WORK ORDER:
In the listing below, find the line containing "Imagem de Conjunto". Write out that line and every line after it to the end, exactly and only those.

[Opening DATA RECORDS section]

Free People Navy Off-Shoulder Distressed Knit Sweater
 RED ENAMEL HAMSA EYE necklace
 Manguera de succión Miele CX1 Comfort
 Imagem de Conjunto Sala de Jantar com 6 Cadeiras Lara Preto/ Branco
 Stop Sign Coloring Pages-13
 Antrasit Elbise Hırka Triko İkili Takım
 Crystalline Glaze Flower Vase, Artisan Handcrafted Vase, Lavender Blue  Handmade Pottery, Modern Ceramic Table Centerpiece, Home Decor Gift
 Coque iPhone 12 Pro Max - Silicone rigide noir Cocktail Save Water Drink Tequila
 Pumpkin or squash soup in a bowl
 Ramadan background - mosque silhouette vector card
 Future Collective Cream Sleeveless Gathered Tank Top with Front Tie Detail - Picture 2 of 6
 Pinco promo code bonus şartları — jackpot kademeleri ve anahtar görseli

[Closing DATA RECORDS section]

RESULT:
 Imagem de Conjunto Sala de Jantar com 6 Cadeiras Lara Preto/ Branco
 Stop Sign Coloring Pages-13
 Antrasit Elbise Hırka Triko İkili Takım
 Crystalline Glaze Flower Vase, Artisan Handcrafted Vase, Lavender Blue  Handmade Pottery, Modern Ceramic Table Centerpiece, Home Decor Gift
 Coque iPhone 12 Pro Max - Silicone rigide noir Cocktail Save Water Drink Tequila
 Pumpkin or squash soup in a bowl
 Ramadan background - mosque silhouette vector card
 Future Collective Cream Sleeveless Gathered Tank Top with Front Tie Detail - Picture 2 of 6
 Pinco promo code bonus şartları — jackpot kademeleri ve anahtar görseli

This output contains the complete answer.